Das BAG ging daher wohl unausgesprochen davon aus, dass es den Arbeitgebern im zu entscheidenden Fall allein darauf ankam, durch die Errichtung eines Gemeinschaftsbetriebs die Vorgaben des AÜG zu umgehen, dabei aber – zumindest auf betriebsverfassungsrechtlicher Ebene – möglichst wenige Veränderungen vornehmen zu müssen.

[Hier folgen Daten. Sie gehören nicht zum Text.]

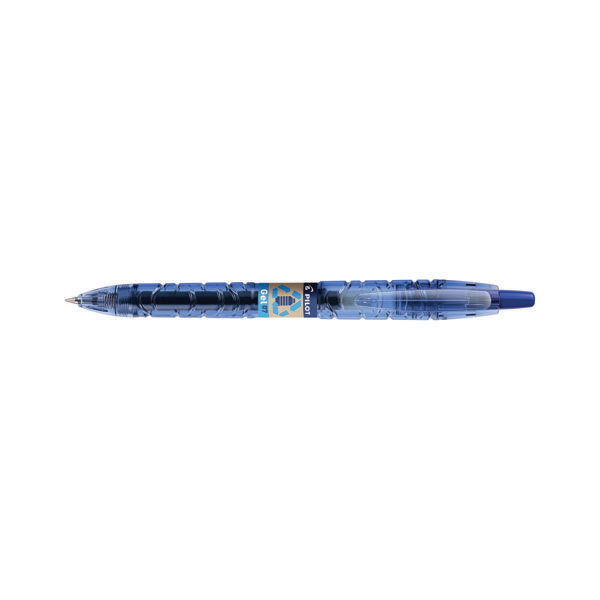 Pilot Bottle to Pen Fine Blue Pk10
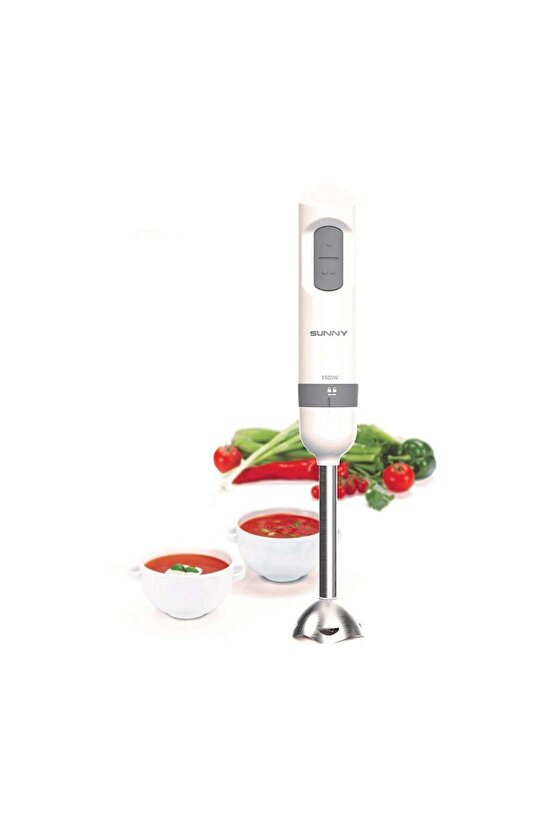 Merli̇n Tekli̇ Çubuk Blender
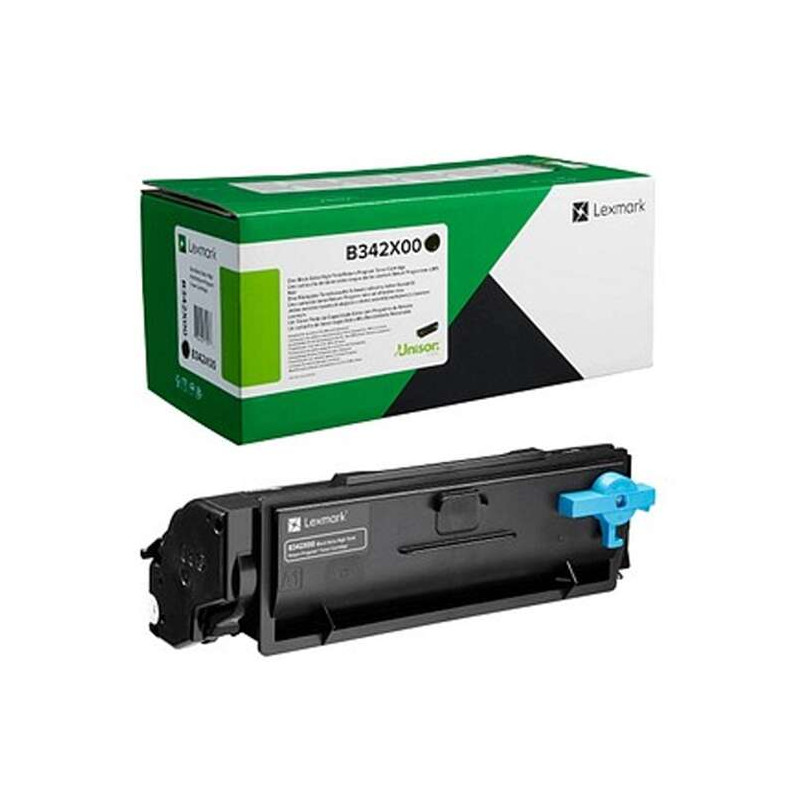 Tóner Lexmark B3340/B3342/MB3342 Negro Original - 158,07€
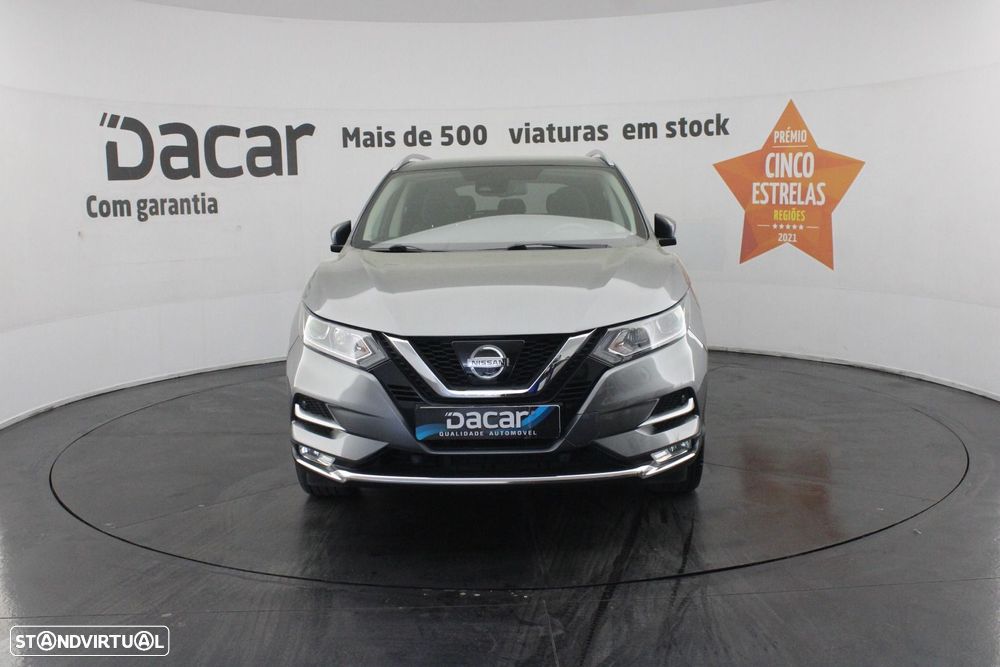 Nissan Qashqai - 3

Die Entscheidung ist vor diesem Hintergrund im Ergebnis überzeugend. Die Aufteilung der betrieblichen Mitbestimmung auf zwei Betriebsräte ist nach Auffassung des BAG jedoch kein Ausschlusskriterium für das Vorliegen eines Gemeinschaftsbetriebs. Es sei – so das BAG – nicht ausgeschlossen, dass trotz betriebsverfassungsrechtlicher Trennung im Wesentlichen einheitliche Regelungen bestünden, die zwar von verschiedenen Partnern verhandelt und vereinbart wurden, aber inhaltlich weitgehend übereinstimmten oder zumindest aufeinander abgestimmt seien. In einem solchen Fall wären die betrieblichen Abläufe nicht nach Belegschaftsgruppen zu organisieren. Ob eine solche Uniformität in der Praxis bei mehreren Akteuren zu erreichen ist, scheint allerdings fraglich. In der Regel werden bewusst getrennte Betriebsräte daher eher gegen einen Gemeinschaftsbetrieb sprechen.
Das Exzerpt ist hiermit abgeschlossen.